Saturday, April 24, 2010

Compagnie XY: Le Grand C

I was lucky enough to score two tickets to Compagnie XY's performance of Le Grand C at the Roundhouse in Chalk Farm tonight.  And since Natalie (who is one tough critic) attended the show last week and gave it a glowing review, I knew I wouldn't be disappointed.

Previously, my only contact with "circus arts" was Cirque du Soleil at the Royal Albert Hall (courtesy of Udita), which was a breathtaking, awe-inspiring and jaw-dropping performance.

Let me put it this way: if Cirque du Soleil is a Krispy Kreme donut, then Compagnie XY is homemade granola made with steel cut oats and honey you cultivated yourself.  If Cirque du Soleil is Celine Dion (which is fitting actually, since she's French Canadian) in Vegas, then Compagnie XY is your favorite, local, feminist folk artist, playing the college circuit.

The only two things these groups have in common is that they're both French (sort of, depends on what your definition of French is) and their shows involve acrobatic elements.  The similarities end there. 

If you're looking for polished performances, theatrics, flamboyant costumes, and contortionists with agile bodies resembling those of underdeveloped rhythmic gymnasts, then Cirque is the way to go.  If you, on the other hand, prefer a performance that is raw, emotional, sweaty, trembling, with no-special-effects-just-pure-human-strength, then Le Grand C is for you. 

Both have their merits, but the realness of Compagnie XY and, perhaps our proximity to the stage, left me with my heart in my mouth: the danger and risk of what the performers were achieving was live, pulsating and literally, in my face.  They had no fear.  And there were a couple of slips and at least one near fall, but these hiccups simply made the show better, in a way I cannot explain.

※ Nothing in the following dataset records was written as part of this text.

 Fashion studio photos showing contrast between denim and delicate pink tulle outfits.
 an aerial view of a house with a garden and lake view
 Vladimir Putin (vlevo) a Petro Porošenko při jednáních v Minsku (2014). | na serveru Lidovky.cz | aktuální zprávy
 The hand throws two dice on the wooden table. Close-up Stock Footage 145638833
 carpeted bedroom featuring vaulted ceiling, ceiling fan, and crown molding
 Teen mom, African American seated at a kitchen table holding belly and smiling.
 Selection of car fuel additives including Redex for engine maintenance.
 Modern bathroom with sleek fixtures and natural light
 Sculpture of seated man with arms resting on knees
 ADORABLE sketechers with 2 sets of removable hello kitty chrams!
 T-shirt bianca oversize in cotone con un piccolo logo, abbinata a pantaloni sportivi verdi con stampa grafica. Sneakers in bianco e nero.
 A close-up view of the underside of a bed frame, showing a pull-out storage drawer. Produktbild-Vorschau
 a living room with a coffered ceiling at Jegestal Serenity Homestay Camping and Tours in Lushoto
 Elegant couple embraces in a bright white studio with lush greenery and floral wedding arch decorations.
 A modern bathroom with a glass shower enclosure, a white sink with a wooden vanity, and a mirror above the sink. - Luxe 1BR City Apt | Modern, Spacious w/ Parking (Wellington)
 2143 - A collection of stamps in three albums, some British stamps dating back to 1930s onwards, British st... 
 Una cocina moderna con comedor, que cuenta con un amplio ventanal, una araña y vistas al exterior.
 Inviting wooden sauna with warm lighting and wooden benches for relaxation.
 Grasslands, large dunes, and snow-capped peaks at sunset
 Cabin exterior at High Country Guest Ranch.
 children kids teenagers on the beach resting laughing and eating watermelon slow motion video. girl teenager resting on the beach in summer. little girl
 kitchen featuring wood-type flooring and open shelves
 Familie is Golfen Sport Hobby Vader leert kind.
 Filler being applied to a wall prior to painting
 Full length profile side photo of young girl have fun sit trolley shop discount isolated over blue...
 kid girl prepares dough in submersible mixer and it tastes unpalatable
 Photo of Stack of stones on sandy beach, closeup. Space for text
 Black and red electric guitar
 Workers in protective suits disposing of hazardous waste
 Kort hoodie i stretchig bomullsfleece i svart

I won't give too much away (though I'm posting a clip below) in case you ever have a chance to see the show, but it's quite intense while simultaneously fun and flirtatious - much like stumbling into a Yann Tiersen dream, I'd think.  The show opens in semi-darkness, with only a low hum of dissonant music.  Large sections are performed without music and there, the performers' vulnerability is laid bare - naked and exposed.  On a superficial level, I loved the costume design and the sensuality of bodies climbing barefoot over each other.  When skirts rode up, they were discreetly but purposefully pushed down. The women (one who could have passed as an athletic Marion Cotillard) held their own against the men by demonstrating their supreme strength through handstands held for excruciating lengths of time - sans wobbles.